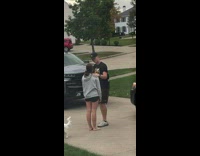 Guy kisses girlfriend on forehead and gives her a hug 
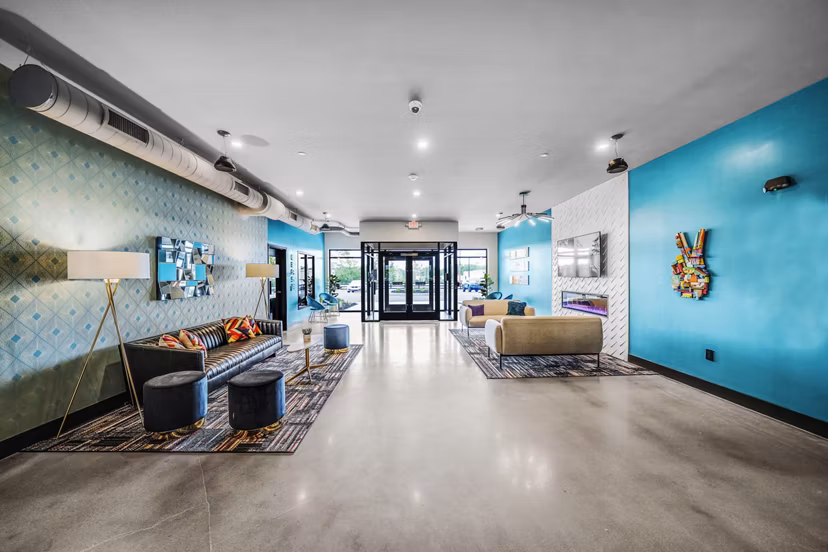 Modern clubhouse/lobby with contemporary furnishings at Beckon Collective Apartments, perfect for social gatherings and relaxation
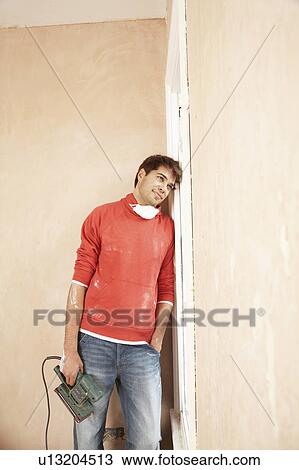Stock Image - Man holding sanding tool, leaning against wall of unrenovated room. Fotosearch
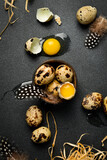 Close-up of quail egg yolk and quail fresh eggs. On a black stone background. Top view.
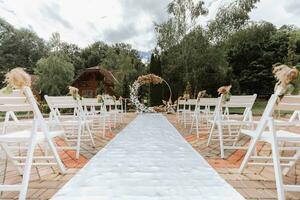 a Casamento arco dentro a parque é fez do fresco flores e seco juncos. longe Casamento cerimônia. branco cadeiras para a cerimônia foto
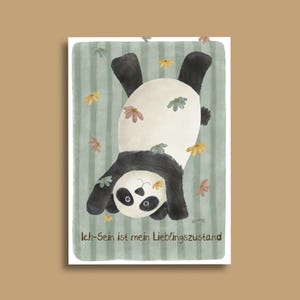 Könnte beinhalten: Eine verspielte Illustration eines Pandas, der kopfüber hängt, mit schwarz-weißem Fell und floralen Akzenten. Der Panda befindet sich vor einem hellgrünen, gestreiften Hintergrund. Der Text "Ich-Sein ist mein Lieblingszustand" ist unten.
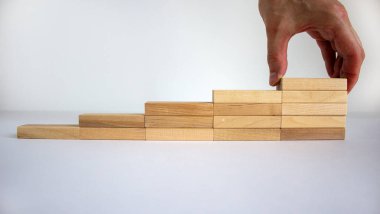 İş büyümesi konsepti başarı süreci. Erkek eli. Tahta bloklar beyaz arka plandaki basamaklar gibi istifleniyor, kopyala uzayı. Fikir ve yenilik kavramı.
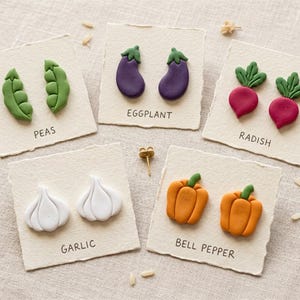 Könnte beinhalten: Handgefertigte Ohrstecker mit Gemüse-Motiven. Die Ohrringe zeigen Erbsen, Auberginen, Radieschen, Knoblauch und Paprika. Jedes Paar wird auf einer strukturierten Karte mit dem Namen des Gemüses präsentiert. Die Ohrringe sind farbenfroh und skurril.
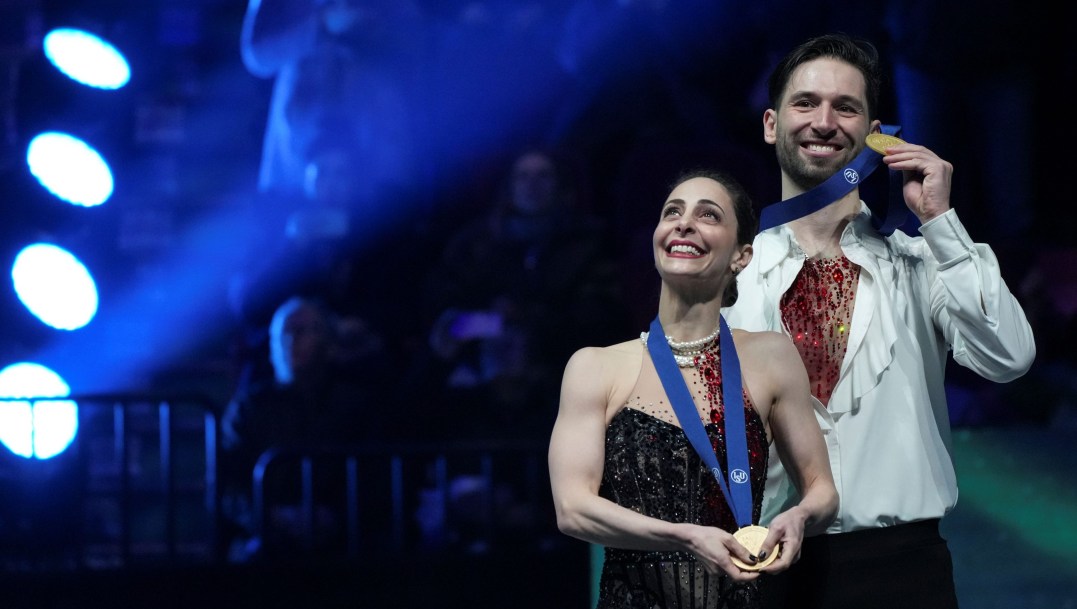 Deanna Stellato-Dudek and Maxime Deschamps wear their gold medals and smile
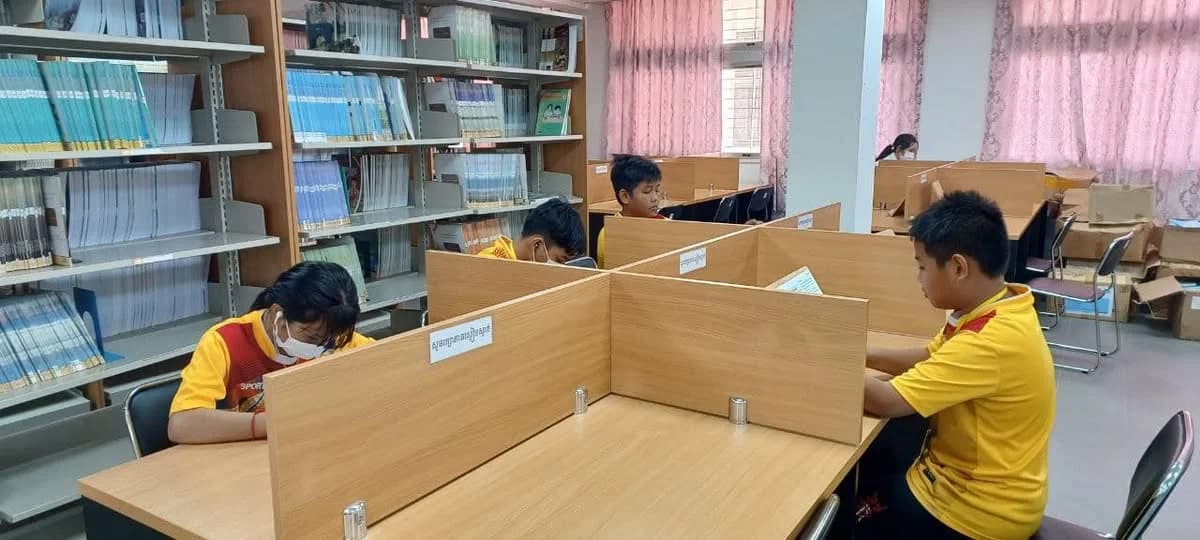 Students sitting at individual study carrels with partitions, reading books and studying in a library with bookshelves in the background.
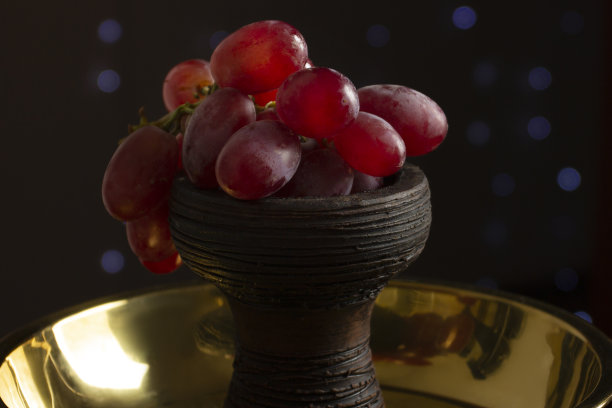 健康的生活方式。红色的葡萄在碗水烟代替烟草在黑暗的背景与灯光图片下载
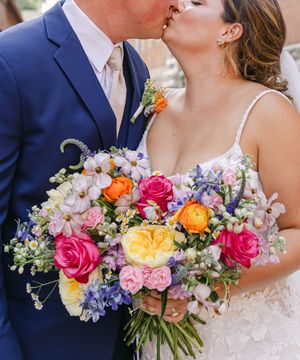 A vibrant bridal bouquet with pink, yellow and orange roses alongside purple delphinium and white flowers.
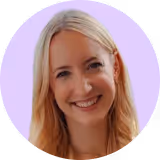 A woman with blonde hair smiling for the camera.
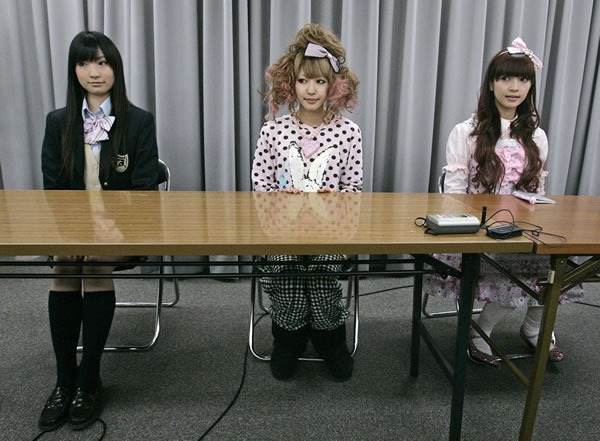 Three young Japanese women at a press conference table, one dressed in a schoolgirl outfit, one in a "Harajuku" outfit and one in a "Lolita" outfit.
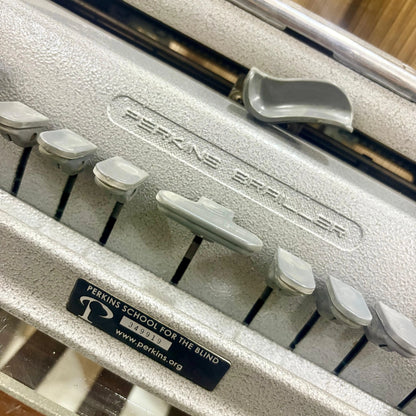 Close view of Perkins Brailler keys and mechanical writing area, showing grey finish at RR Typewriter Mart for Braille users in India.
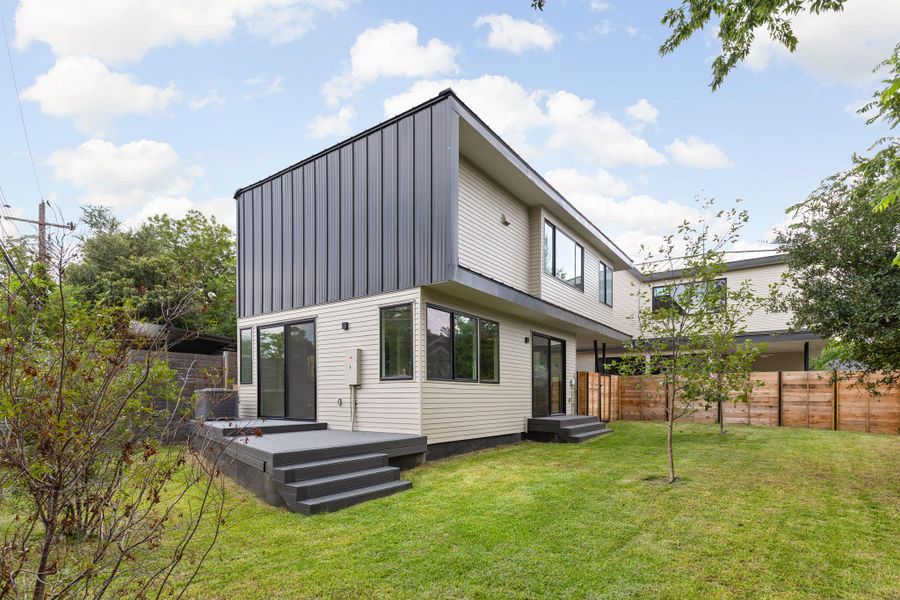 Back of house featuring a deck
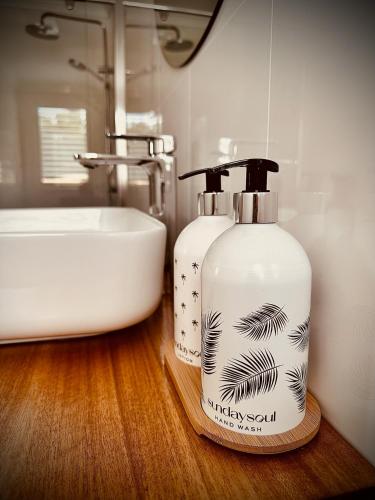 a bathroom with a soap dispenser and a sink at Las Casitas in Donnybrook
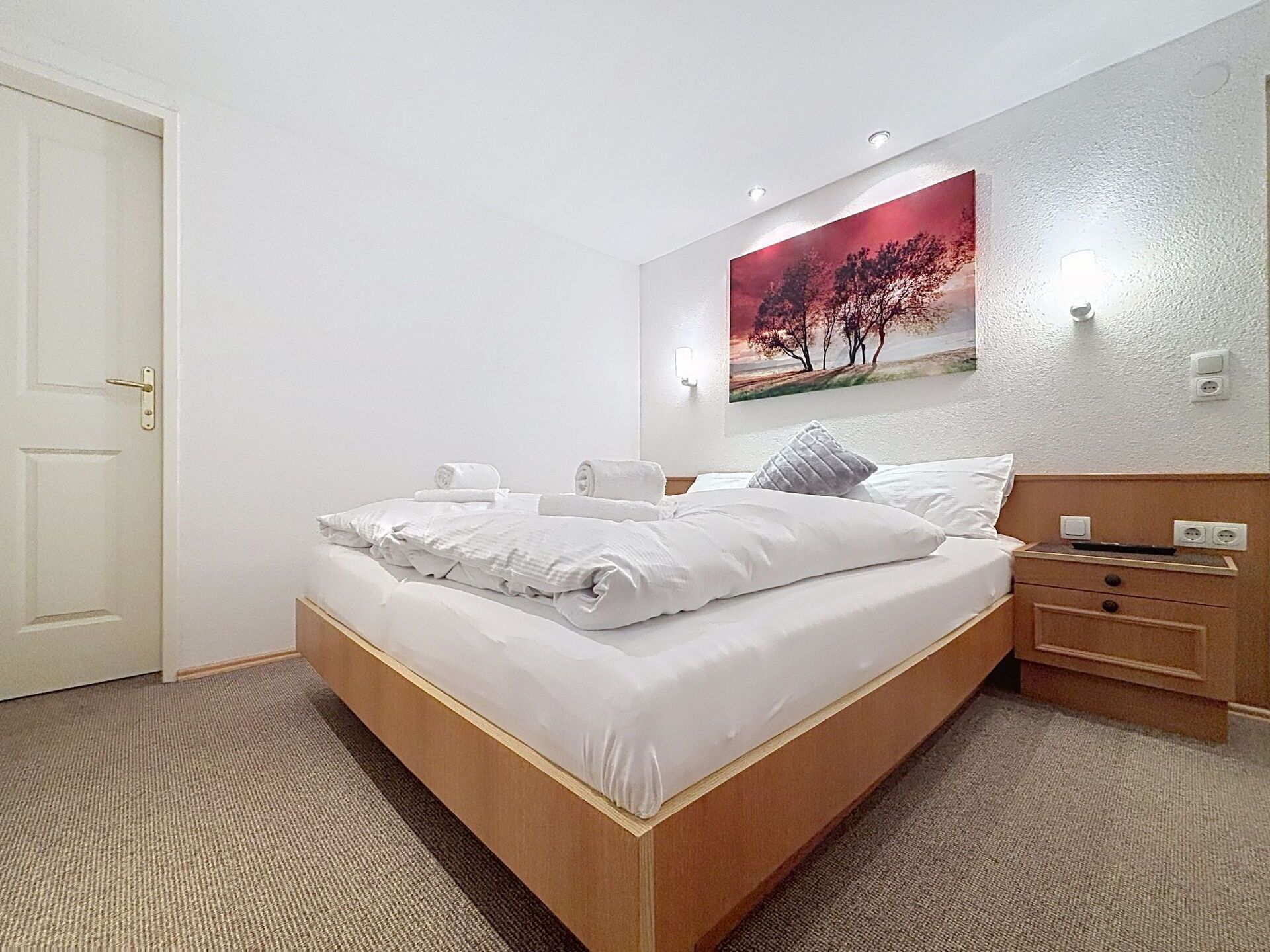 A hotel room with a bed, a nightstand, a wall-mounted lamp, and a painting.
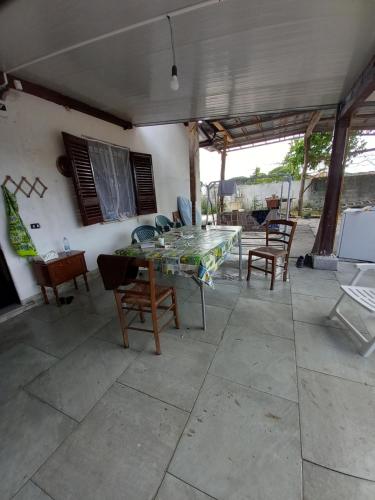 a patio with a table and chairs on a patio at Casa tiziana in Terracina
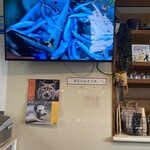 紬生 食堂カフェ - カウンター前の大きなモニターには　タチウオ漁の様子が投影(2025年12月6日撮影)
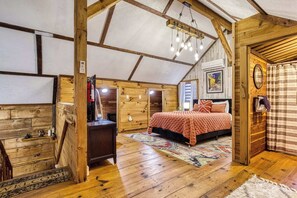 Ein gemütliches Schlafzimmer im Dachgeschoss mit Holzbalkendecke, einem Bett, einem Schreibtisch und einem Fenster.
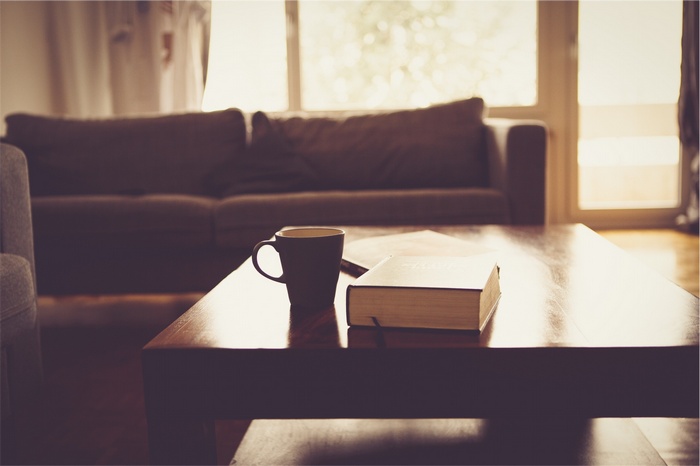 Coffee cup and book on a coffee table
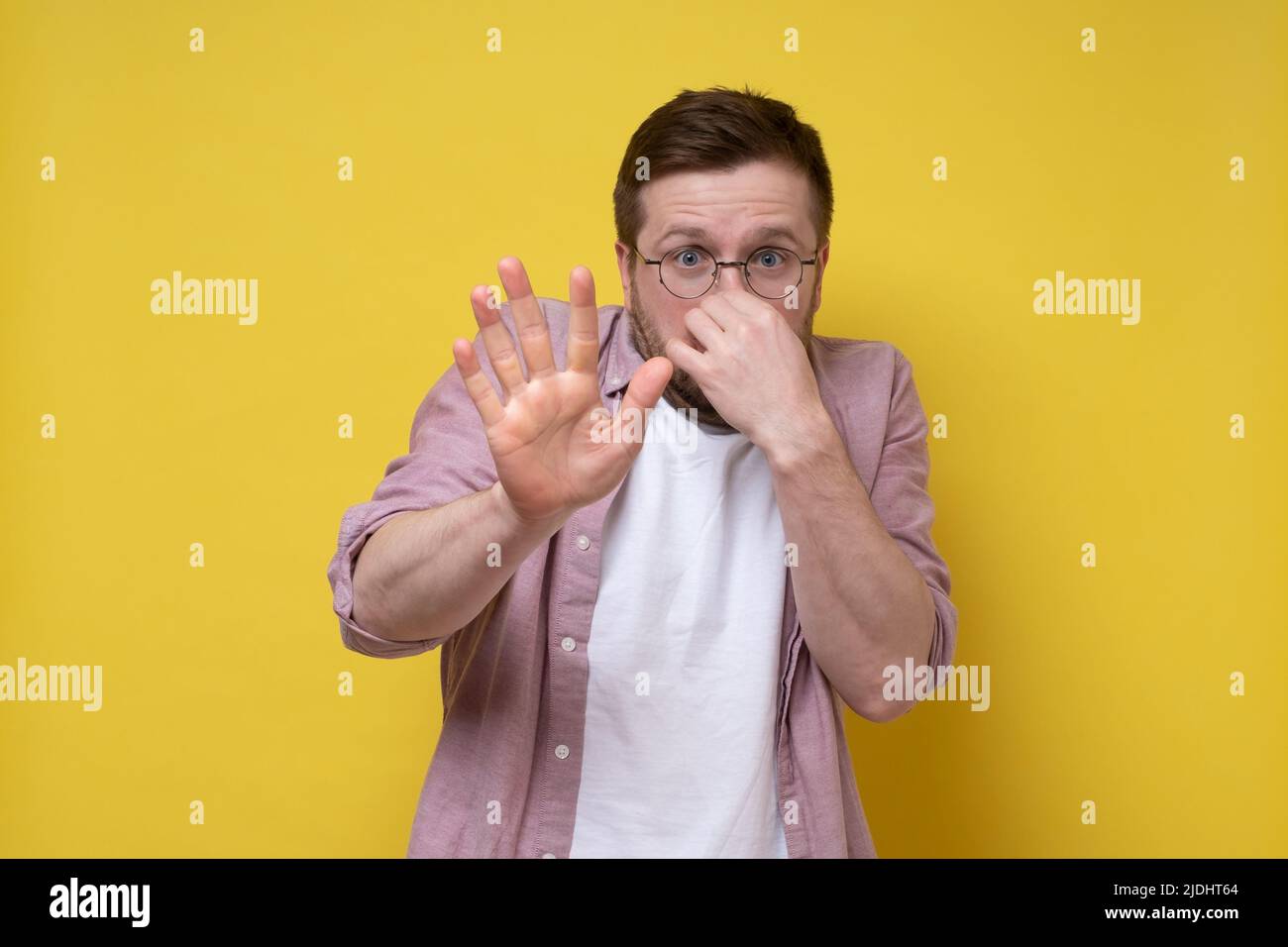 Young man smells an unpleasant smell, he pinches nose with fingers and makes a stop gesture with hand. Yellow background. Stock Photo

## Assignment
Leave the pictures out and print the whole listing precisely.

## Answer space
 Guy kisses girlfriend on forehead and gives her a hug 
 Modern clubhouse/lobby with contemporary furnishings at Beckon Collective Apartments, perfect for social gatherings and relaxation
Stock Image - Man holding sanding tool, leaning against wall of unrenovated room. Fotosearch
 Close-up of quail egg yolk and quail fresh eggs. On a black stone background. Top view.
 a Casamento arco dentro a parque é fez do fresco flores e seco juncos. longe Casamento cerimônia. branco cadeiras para a cerimônia foto
 Könnte beinhalten: Eine verspielte Illustration eines Pandas, der kopfüber hängt, mit schwarz-weißem Fell und floralen Akzenten. Der Panda befindet sich vor einem hellgrünen, gestreiften Hintergrund. Der Text "Ich-Sein ist mein Lieblingszustand" ist unten.
 İş büyümesi konsepti başarı süreci. Erkek eli. Tahta bloklar beyaz arka plandaki basamaklar gibi istifleniyor, kopyala uzayı. Fikir ve yenilik kavramı.
 Könnte beinhalten: Handgefertigte Ohrstecker mit Gemüse-Motiven. Die Ohrringe zeigen Erbsen, Auberginen, Radieschen, Knoblauch und Paprika. Jedes Paar wird auf einer strukturierten Karte mit dem Namen des Gemüses präsentiert. Die Ohrringe sind farbenfroh und skurril.
 Deanna Stellato-Dudek and Maxime Deschamps wear their gold medals and smile
 Students sitting at individual study carrels with partitions, reading books and studying in a library with bookshelves in the background.
 健康的生活方式。红色的葡萄在碗水烟代替烟草在黑暗的背景与灯光图片下载
 A vibrant bridal bouquet with pink, yellow and orange roses alongside purple delphinium and white flowers.
 A woman with blonde hair smiling for the camera.
 Three young Japanese women at a press conference table, one dressed in a schoolgirl outfit, one in a "Harajuku" outfit and one in a "Lolita" outfit.
 Close view of Perkins Brailler keys and mechanical writing area, showing grey finish at RR Typewriter Mart for Braille users in India.
 Back of house featuring a deck
 a bathroom with a soap dispenser and a sink at Las Casitas in Donnybrook
 A hotel room with a bed, a nightstand, a wall-mounted lamp, and a painting.
 a patio with a table and chairs on a patio at Casa tiziana in Terracina
 紬生 食堂カフェ - カウンター前の大きなモニターには　タチウオ漁の様子が投影(2025年12月6日撮影)
 Ein gemütliches Schlafzimmer im Dachgeschoss mit Holzbalkendecke, einem Bett, einem Schreibtisch und einem Fenster.
 Coffee cup and book on a coffee table
 Young man smells an unpleasant smell, he pinches nose with fingers and makes a stop gesture with hand. Yellow background. Stock Photo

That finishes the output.